No, most foreclosures are mortgages taken out by families. Yes, there are investors involved too, but the subprime mortgage market (which charges higher interest rates than the prime mortgage market, not lower rates) and predatory mortgage products really started the downward spiral. It wasn't started by families (or investors for that matter) who got prime mortgages from respectable lenders at a low rate. Of course, once the rest of the economy got pulled in and people started losing their jobs, even those who had prime mortgages ended up defaulting. But that's not what started it. And, there are a lot of people who turned to the subprime and/or predatory market who would have been eligible for legitimate mortgage products (especially mortgage revenue bond products), but didn't know it.

arivecchi
02-25-2011, 12:32 PM
no unions don't

hyperinvestment (via ultra low interest rates) didn't create the housing bubble? by your statement then a majority of lax standards would have had to been in place. most defaulted mortgages were by investors not by subprime mortagagees While low interest rates played a part, what facilitated the overheating of the housing market was the fact that banks were able to securitize the mortgages and off-load a huge chunk of their credit risk. Therefore, credit standards became more lax. Low interest rates (like they are now) coupled with responsible lending does not wreak havoc. I don't quite know why we are off on this tangent, but wanted to respond.

o_mom
02-25-2011, 12:35 PM
I don't quite know why we are off on this tangent, but wanted to respond.
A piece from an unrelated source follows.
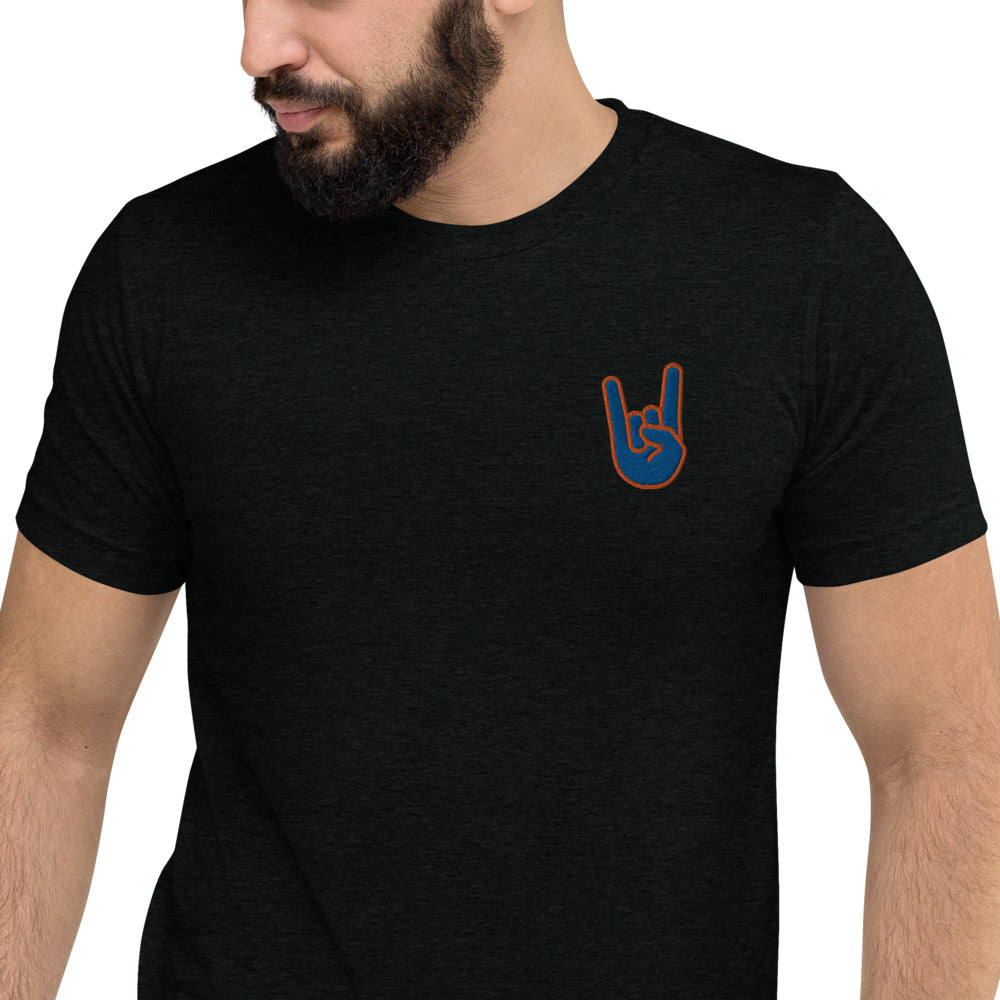 EMBROIDERED BRAGGON SHORT SLEEVE T SHIRT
LOL, after 25 pages of responses, I wouldn't be surprised to see that yoga pants and movie popcorn are the reasons for all this. :tongue5:

arivecchi
02-25-2011, 12:36 PM
LOL, after 25 pages of responses, I wouldn't be surprised to see that yoga pants and movie popcorn are the reasons for all this. :tongue5:
:hysterical:

mommylamb
02-25-2011, 12:44 PM
I'm sorry to keep harping on this, but I also wanted to point out that when there are low interest rates, but strict underwriting standards, the people who get mortgages and benefit from those rates are legitimate borrowers who are in most instances a good risk for banks. Barring some unforeseen circumstance, they pay their mortgages and all is well with the world. Yes, when interest rates are low, more legitimate buyers (and legitimate investors for that matter) enter the market and housing prices go up. But those are legitimate housing values, not bubbles.

OTOH, When there is lax underwriting, lenders (legitimate banks and unscrupulous predatory lenders) give mortgages to people who should never qualify for mortgages. Lots more people enter the market than should, and yes prices skyrocket and cause a bubble, which inevitably bursts. But, this is NOT because of the low rates that legitimate borrowers with good credit track records and stable employment received.
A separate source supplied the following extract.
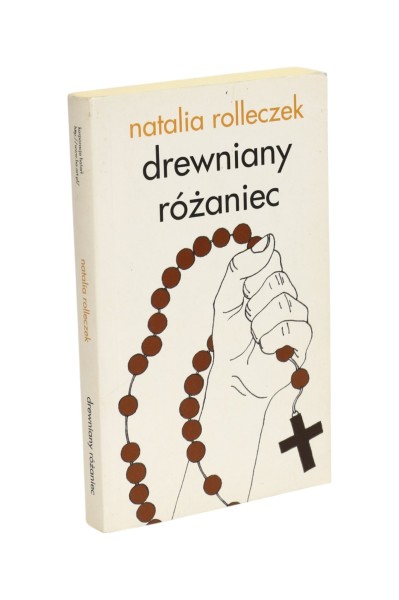 Drewniany różaniec Rolleczek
ETA: and this is exacerbated when people (with decent credit or without) get stuck with mortgages with high interest rates that they can't afford.

crl
02-25-2011, 12:45 PM
LOL, after 25 pages of responses, I wouldn't be surprised to see that yoga pants and movie popcorn are the reasons for all this. :tongue5:

Yeah! Those darn unions barginning for the right to wear yoga pants to school and eat popcorn in the break room. :hysterical:

Catherine

larig
02-25-2011, 12:47 PM
and you find mother jones to be a strong source of tax analysis?

rather than pick on sources - explain then why census data would be preferably than using IRS data?

National Affairs (http://nationalaffairs.com/publications/detail/getting-ahead-in-america) better?



Mother jones didn't do the analysis, they are reporting on others' analysis. the images have sources, most are different--a Havard business school guy + a duke guy; CBO, census, a guy from bard college, a guy from UC, federal reserve.

And, yeah, I think mother jones is known to be liberal, but that doesn't preclude them from being credible. (although, I totally admit having a bit of an intellectual crush on David Corn.)